Glencore AG is a company based in Switzerland, one of the world’s largest commodity traders. Yesterday it reached a settlement with the US Department of Justice (DOJ), the key points of which are:
- A three-year compliance programme of monitorship and;
- A fine of more than USD 1 Billion. ($1,186,000,000) and;
- $39.6m payment to the Brazilian Authorities and;
- Payments by Glencore Limited and Chemoil Corp of $428m and $341 respectively.
Alleged bribery in multiple countries
The DOJ looked at Glencore’s activities over a ten year period. The allegations centred on bribes allegedly paid to officials in Nigeria, the Democratic Republic of Congo and Venezuela from 2007 to 2018.
On 24 May 2022 Glencore reached these terms of settlement with US and Brazilian authorities for alleged breaches of the Foreign Corrupt Practices Act.

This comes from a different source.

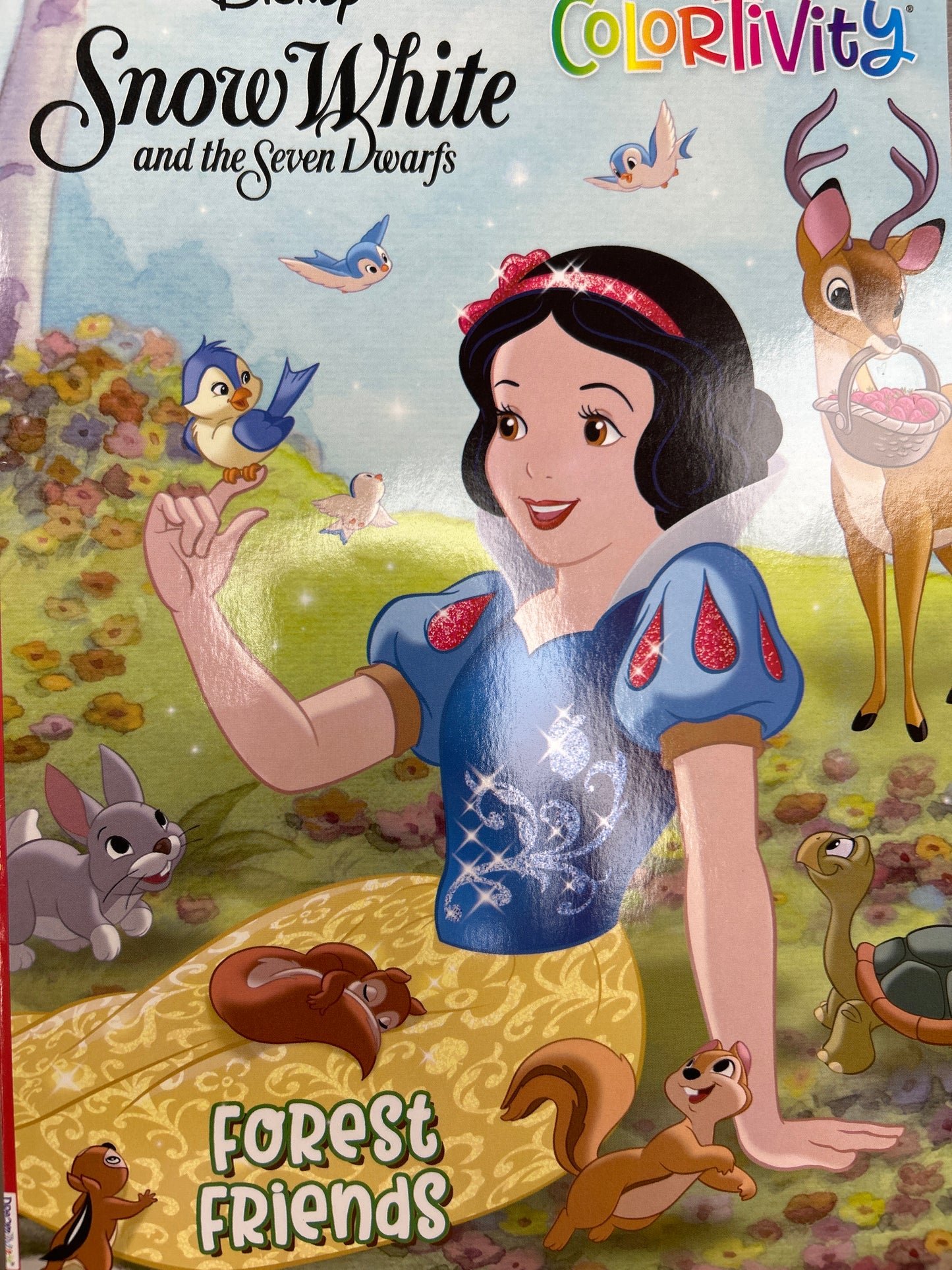 Activity Book Snow White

In addition, the settlement deals with allegations of market manipulation were filed by the Commodity Futures Trading Commission.

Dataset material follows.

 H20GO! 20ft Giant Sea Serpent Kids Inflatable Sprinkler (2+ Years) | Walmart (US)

Separately, Glencore Energy UK Ltd has indicated a guilty plea to bribery charges, seven in all, brought by the UK’s Serious Fraud Office (SFO). There are investigations ongoing in Switzerland and the Netherlands.
Finally the DOJ will appoint a compliance and monitoring officer who will monitor the company for the next three years.

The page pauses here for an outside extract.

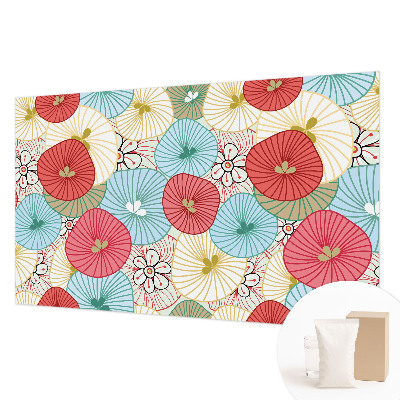 Dekoracyjna fototapeta na ścianę Dekoracyjna fototapeta na ścianę Kwiatowy wzór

All in all, a bit of a regulatory spanking. Yeah? Right. On the 15 February 2022, the Glencore group released preliminary results for 2021 of $21.3 Billion, up 84% y/y.
What can the UK director learn from all of this?
In the UK, bribery is dealt with on the criminal level by the Bribery Act 2010 (BA2010). Largely, there are offences for bribing (section 1) and being bribed (section 2). But what will worry most directors is section 7.
The failure of commercial organisations to prevent bribery
A relevant commercial organisation (“C”) is guilty of an offence under this section if a person (“A”) associated with C bribes another person intending:
- to obtain or retain business for C, or
- to obtain or retain an advantage in the conduct of business for C.
However, it is a defence for C to prove that C had in place adequate procedures designed to prevent persons associated with C from undertaking such conduct.
3. For the purposes of this section, A bribes another person if, and only if, A:
- is, or would be, guilty of an offence under section 1 or 6 (whether or not A has been prosecuted for such an offence), or
- would be guilty of such an offence if section 12(2)(c) and (4) were omitted.
The Act is structured so that if someone acting on your company’s behalf bribes someone to benefit your business, then your company can be found guilty of an offence. The penalty is an unlimited fine on indictment. It matters not that the bribe was paid or received outside the UK. The Act is designed to catch that point. However, there is a defence to the Section 6 offence and that is that your organisation had in place adequate procedures to prevent it.